La sécurité intérieure a été rétablie par une action policière à la fois efficace et intelligente qui s'accompagne d'une politique de réinsertion des personnes impliquées dans les attentats, que la hausse des prix du pétrole a permis d'accompagner financièrement.

Le pays dispose d'énormes ressources financières, 550 milliards de dollars de réserves et mène une politique de développement économique plus intelligente que lors des deux chocs pétroliers, marquée par la diversification et la construction d'infrastructures.

Pour autant, le pays n'est pas sans présenter certaines fragilités.

Il accueille 7 millions de travailleurs étrangers et comporte une minorité chiite installée dans les régions pétrolières et une minorité ismaélienne à la frontière du Yémen.

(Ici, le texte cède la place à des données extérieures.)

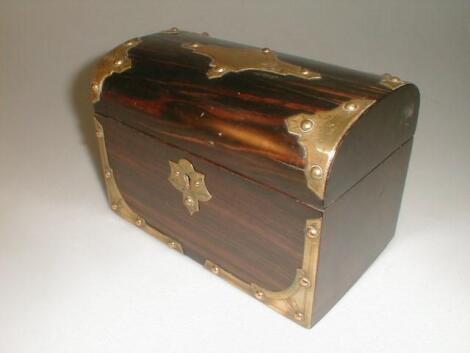 A 19thC coromandel tea caddy decorated with applied brass strapwork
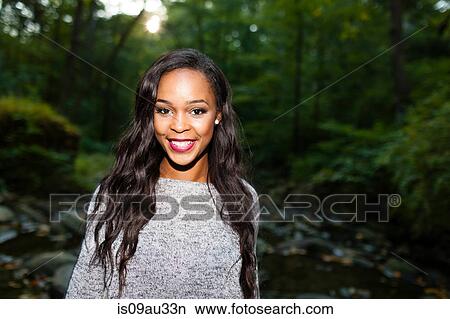 Portrait of happy young woman in darkened forest View Large Photo Image Picture - Portrait of happy young woman in darkened forest. Fotosearch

Les classes moyennes se jugent ignorées face au poids des religieux et une grande partie des jeunes est au chômage. On note cependant une évolution sociale certaine, notamment celle des femmes, dont le rôle dans les entreprises et les administrations est croissant.

Grâce au pétrole, à sa richesse financière, à son rôle de gardien des lieux saints, l'Arabie a un poids régional et mondial considérable. Ses prises de position internationales sont très retenues. Le plan de paix du roi Abdallah proposait ainsi le retour d'Israël dans les frontières de 1967 contre une normalisation des relations avec l'ensemble des Etats arabes. A la demande du président Karzaï, l'Arabie a engagé une entreprise de médiation en direction des Talibans.

Evoquant les Etats du Golfe, M. Jean François-Poncet a indiqué qu'ils étaient marqués par la faiblesse des populations autochtones. Le Qatar est le premier producteur mondial de gaz et dispose de ressources financières en proportion. Son rôle politique et de sécurité est moins lié à des moyens militaires propres qu'à la présence des forces américaines dans la région et à son rôle diplomatique qui contribue aux négociations de crises régionales. La place de la France a crû dans les Emirats où Abu Dhabi est son principal point d'appui. La France a signé avec ce pays un accord de défense en 1996, décision concrétisée par l'ouverture d'une base militaire française.

Evoquant ensuite le Yémen, M. Jean François-Poncet a considéré que s'il était vu en Arabie comme un Etat failli, ce n'est pas encore le cas. Des régions entières échappent certes à l'autorité du pouvoir central. Le nord, zaydite, est marqué par la rébellion huttiste qui a réussi à se maintenir face à l'offensive gouvernementale. Le sud, très longtemps autonome, est en sécession virtuelle. Le reste du pays est constitué de hautes vallées peuplées de tribus très autonomes. Des prises d'otages et des attentats ont lieu dans le pays, l'ambassade des Etats-Unis ayant été attaquée en mars 2008. Il semble qu'il y ait une communication régulière entre l'état-major de Ben Laden et certains groupes yéménites, mais il n'y a pas de traces de relations avec l'Iran.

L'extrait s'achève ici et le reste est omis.